(Records excerpted from a collection)

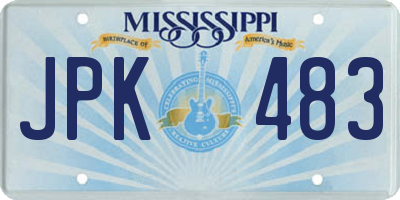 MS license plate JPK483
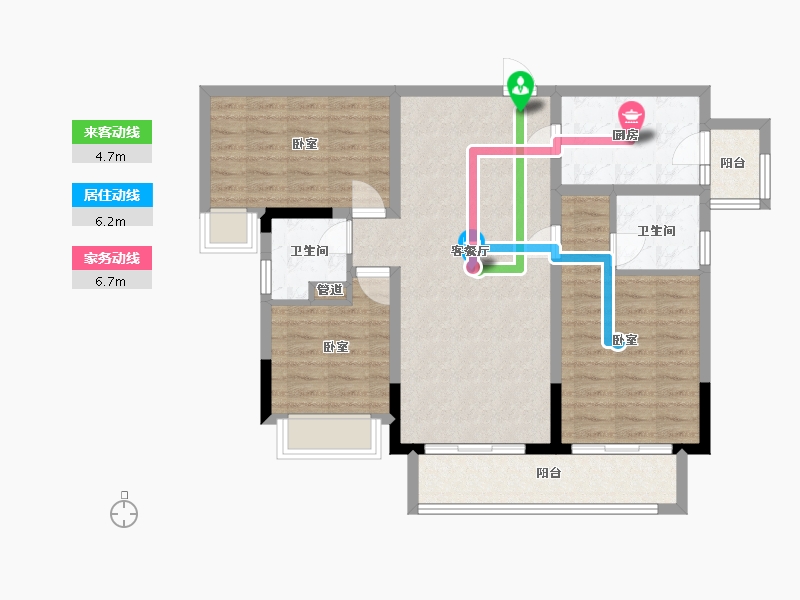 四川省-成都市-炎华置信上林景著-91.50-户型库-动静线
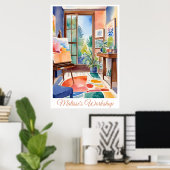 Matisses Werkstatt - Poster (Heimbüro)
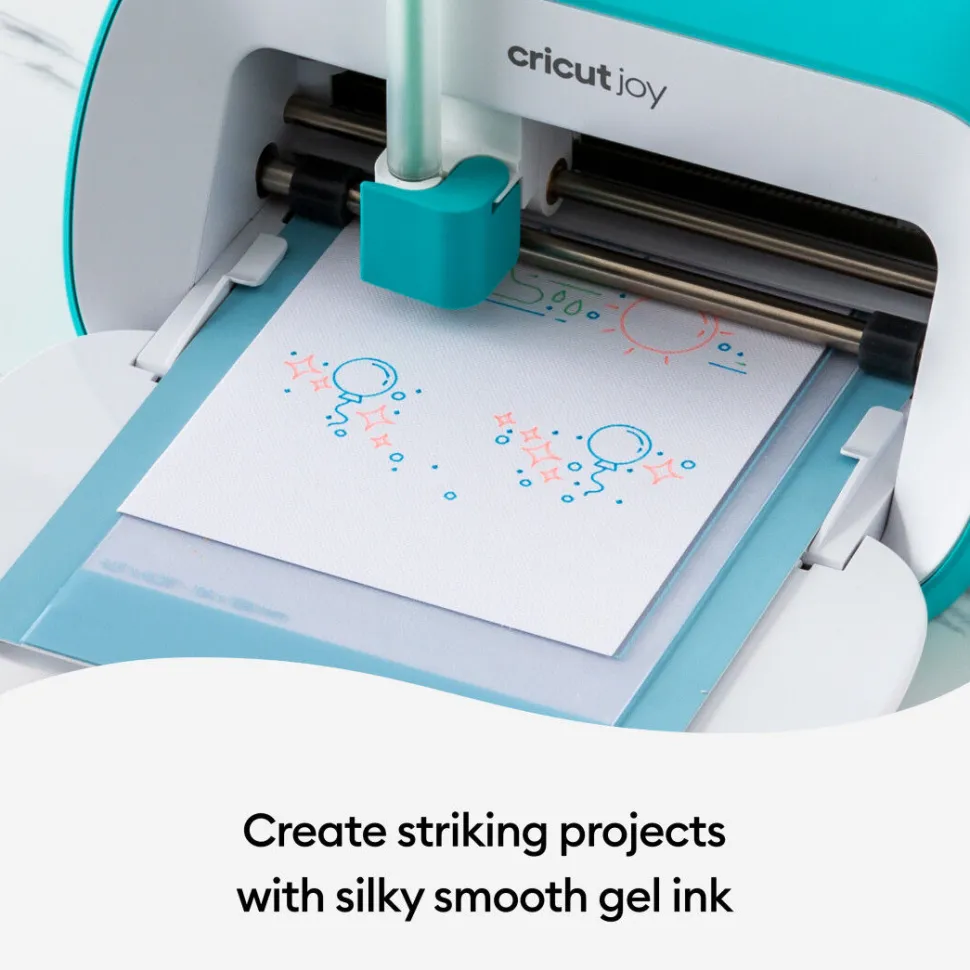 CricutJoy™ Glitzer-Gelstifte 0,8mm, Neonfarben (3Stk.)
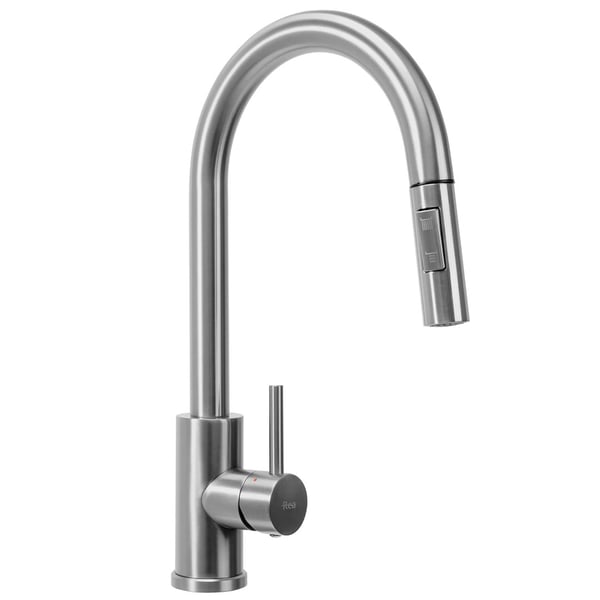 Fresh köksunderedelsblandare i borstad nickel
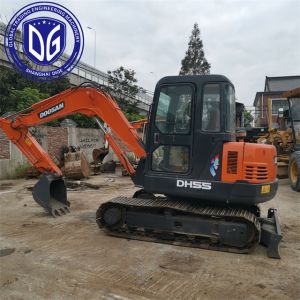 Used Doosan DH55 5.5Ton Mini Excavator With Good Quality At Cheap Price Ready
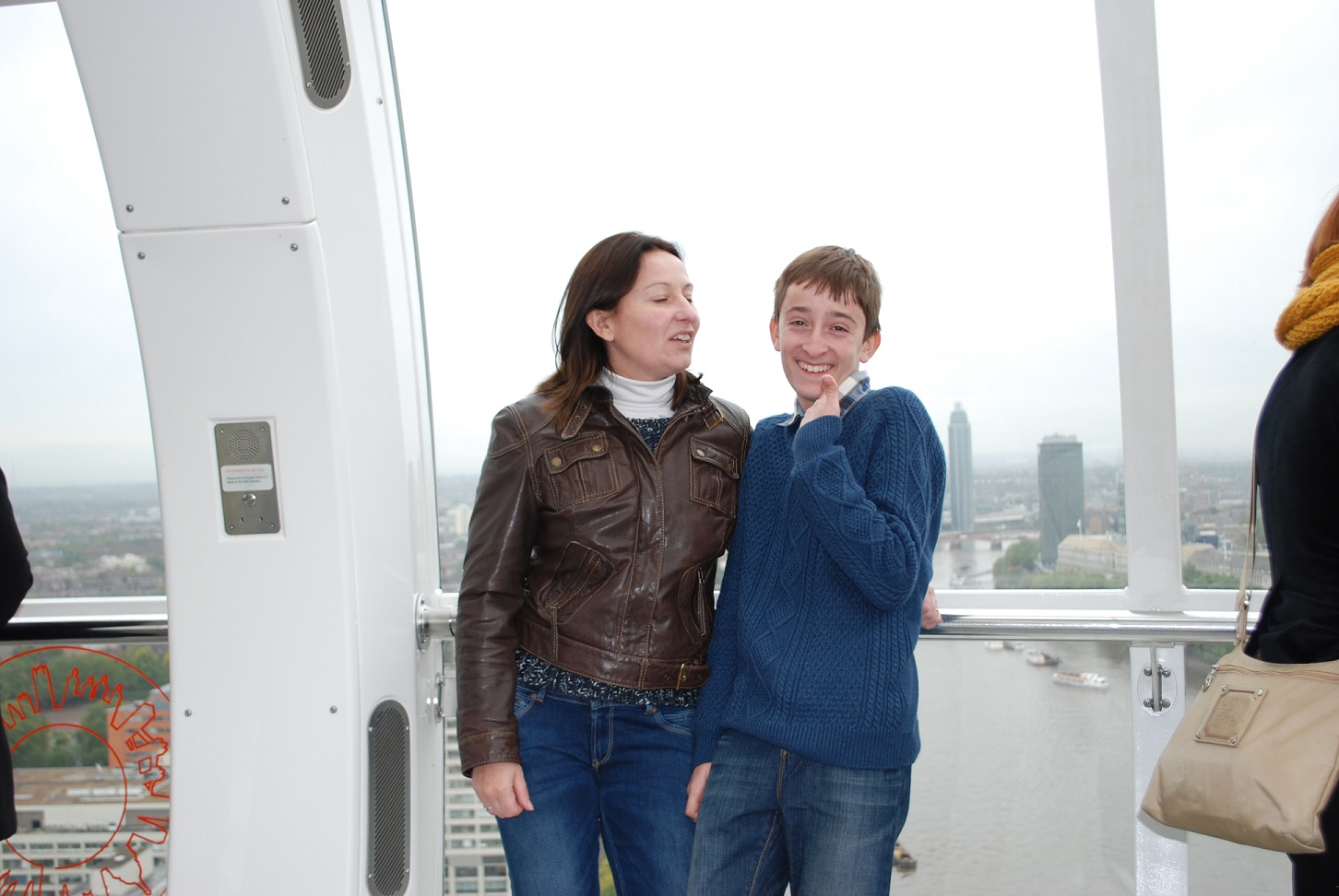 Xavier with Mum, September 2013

- Goal of the exercise -
In the copy, no pictures should appear; the records themselves must be repeated exactly.

- Solution for this problem -
 MS license plate JPK483
 四川省-成都市-炎华置信上林景著-91.50-户型库-动静线
 Matisses Werkstatt - Poster (Heimbüro)
 CricutJoy™ Glitzer-Gelstifte 0,8mm, Neonfarben (3Stk.)
 Fresh köksunderedelsblandare i borstad nickel
 Used Doosan DH55 5.5Ton Mini Excavator With Good Quality At Cheap Price Ready
 Xavier with Mum, September 2013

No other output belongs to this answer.